More recently the conversation has arisen with Rockstar and Naughty Dog, two massive studios with delays and years of development for Red Dead Redemption 2 and The Last of Us 2, still implementing crunch to finish the games to attain whatever goal was set by management.

Those games still sold by the millions and would have done so, regardless of when they released.

Crunch is inhuman. Crunch does not work. Countless examples online of going on a break, only to come back and notice that while tired, they coded something wrong which is why the game was bugged.

Cyberpunk 2077 should not have released in December of 2020. Maybe not even until 2022. But they couldn’t release it, because management, shareholders, the backlash for each delay from fans and a closing gap of the holiday season would squander any plans they had.

Well, after months of crunch, overworking employees and disregarding the health of them as well, all for money, they’ve fucked up so badly that it’s hopefully a wake-up call for everyone involved.

A wake-up call for investors in public traded companies that there are people working at them and they need to work in a place that won’t potentially kill them. Management, who really need to reconsider how their game studios are structured and why they have failed at such a catastrophic level.

But also, I hope this a wake up call to the fans to begin understanding how the sausage is made. Game development is not all rainbows, sunshine and good times. CDPR played you all for the chumps that you are, pretending to be ‘one of the people’, while in reality, they were merely running people into the ground so that you coughed up 60 quid on launch day or by pre-order.

Every bright yellow, hard to read the statement about delays, specifically designed so that you looked away due to the harshness of colour on a phone screen. Addressing you as ‘gamers’, pulling a QA lead out of the dungeon to say that there’s “hundreds of hours of content”.

It’s a play by a massive corporation and ultimately, it blew up in their face. I’m hoping that Cyberpunk 2077’s level of fuck up will send some shockwaves through everyone to hopefully begin to understand that we need to hold the health and treatment of the developers at these massive studios up the light and hold management and publishers to a higher standard.

The culture the industry has made for itself and wrapped itself in is grotesque. It’s an issue with nerd culture as a whole if I’m honest. They aren’t your friends. You’re numbers to them. Make sure that you don’t fall for their shtick.

Have a favourite product, enjoy games, but please just begin to realise how bad game development is at various places and ensure that you make a stink about working conditions more than you do about whatever bullshit has you hot this week.

Conclusion

Look, even if CD Projekt Red ‘fix’ Cyberpunk 2077, the end product is still a limp action-RPG with a bland, dead world with all the problems that come with the genre still plaguing it, with no self-awareness to tackle those issues – they’re embedded into the game now.

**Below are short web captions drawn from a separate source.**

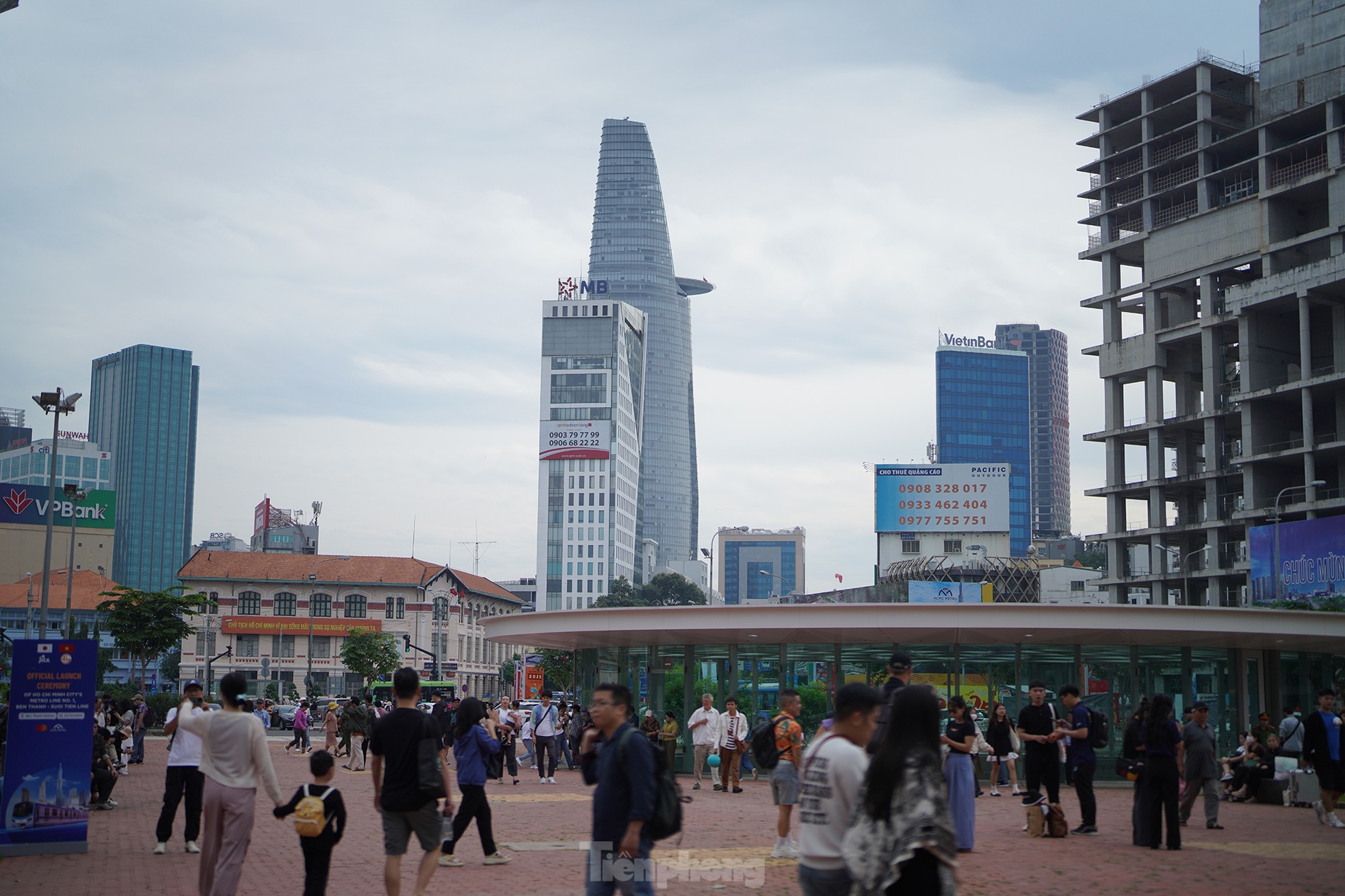 Hàng ngàn người xếp hàng từ sáng sớm để đi metro số 1 ngày đầu vận hành - Ảnh 16.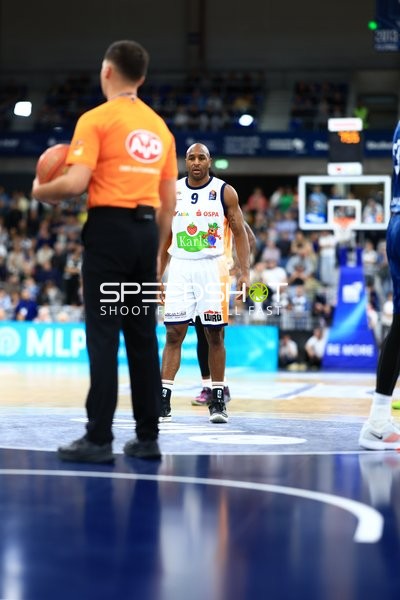 Spieler DeAndre Lansdowne (9; Rostock Seawolves) auf dem Spielfeld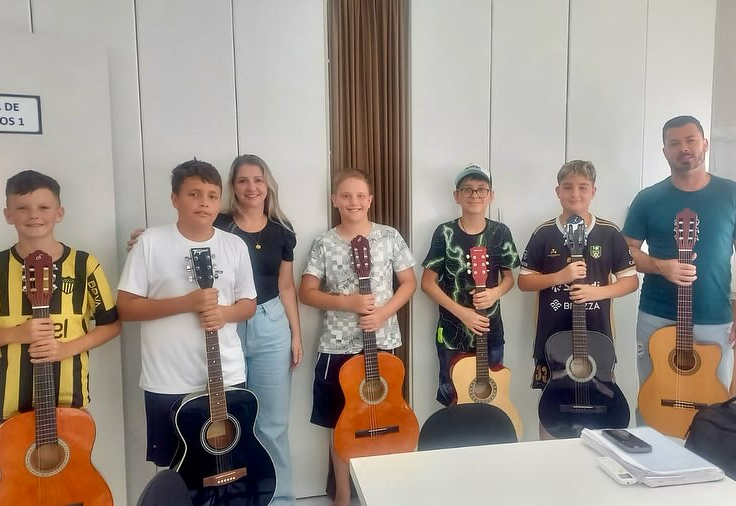 Aulas de violão iniciaram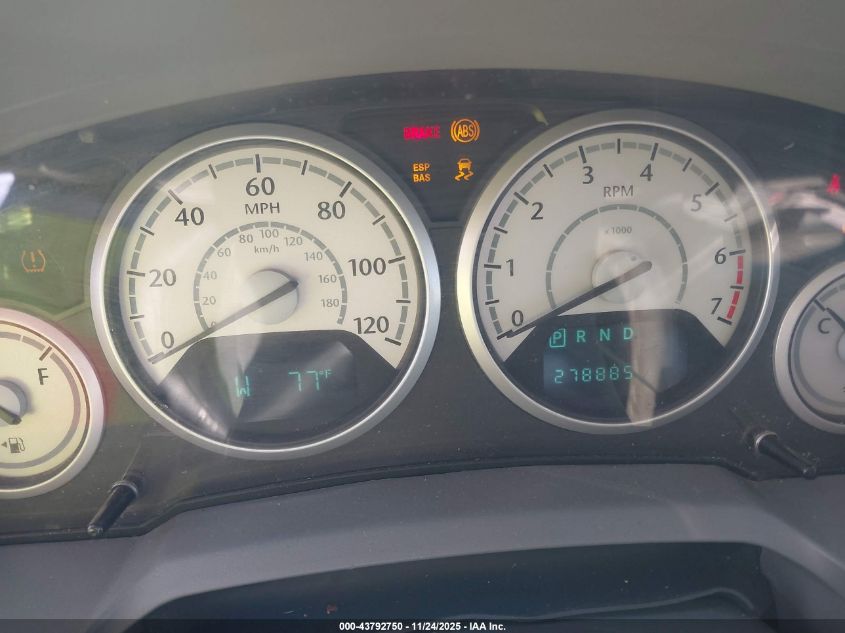 2010 Chrysler Town & Country Touring VIN: 2A4RR5D10AR221418 Lot: 43792750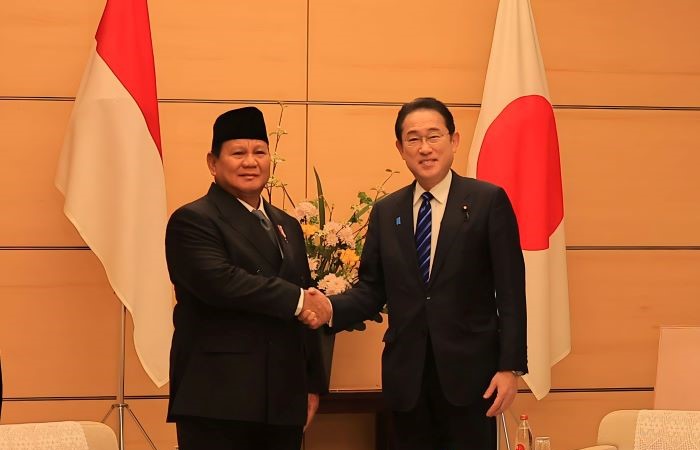 Presiden terpilih Prabowo Subianto menerima ucapan selamat secara langsung dari Perdana Menteri Jepang Fumio Kishida. (Dok. Tim Media Prabowo)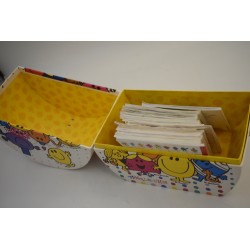 Monsieur Madame Boite valide rangement avec un lot de bd bande dessinée jeu jouet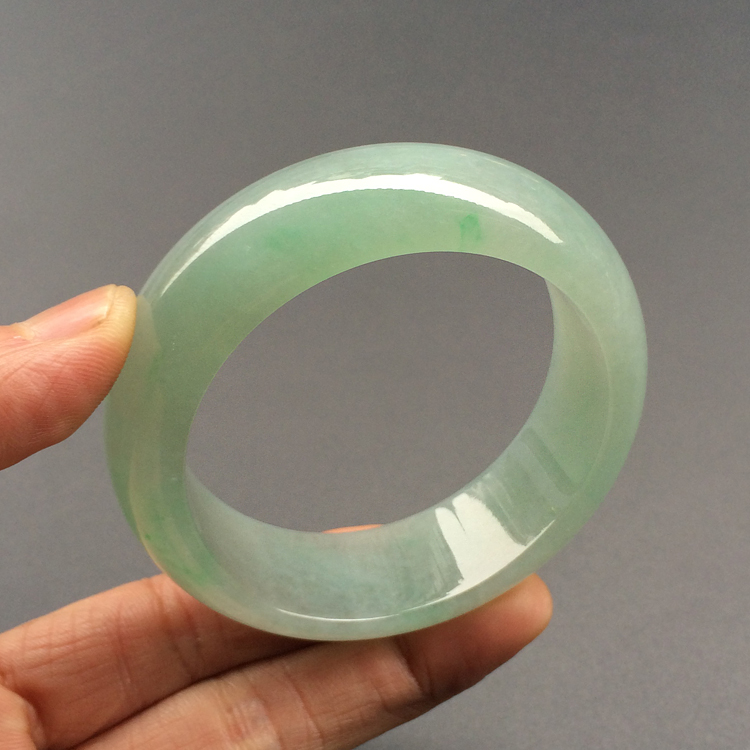 (超值推荐)糯冰种晴水飘翠手镯（55.5mm）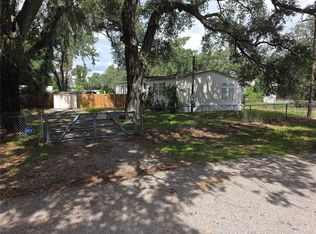 1020 Brinwood Dr, Seffner, FL 33584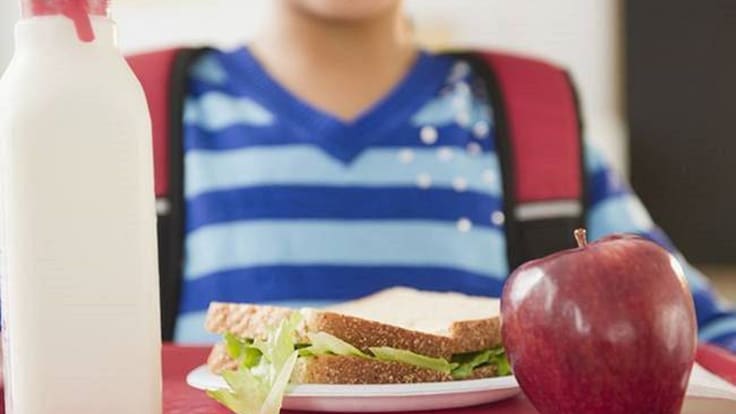 ¿Cómo enseñar a los niños a comer bien? Esto recomienda una nutricionista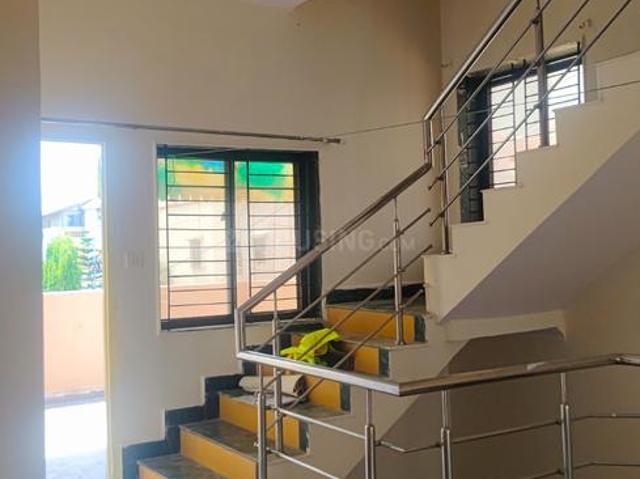 House for rent in Madya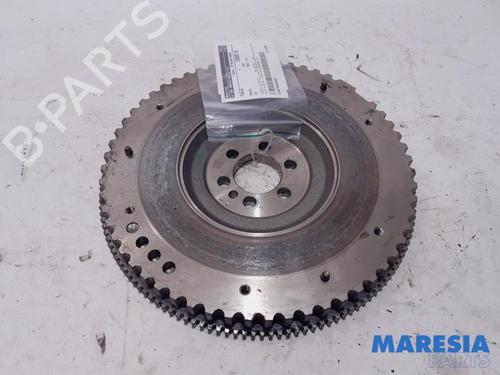 Used Flywheel RENAULT CLIO IV Grandtour (KH_) 0.9 TCe 90 (90 hp) 31514229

Missions, side-quests and every activity you do in the game that isn’t talking to folk is something seen before, something solved or masked via new systems in other popular games.

Cyberpunk 2077 is not a good game. It is an amalgamation of everything wrong with the industry and where it’s seemingly plateauing out at for the time being. It’s dull, has zero bites in any capacity and ultimately, ‘fixing it’ will reveal that it only has a few good storylines to carry its hobbled, disgusting body across its lifespan.

It’s a symptom of a larger issue with the industry.

I hope Cyberpunk 2077 is a wake-up call for CD Projekt Red, the industry and the audience. Maybe that’ll be the thing it manages to revolutionise because CD Projekt Red isn’t doing shit all else with this.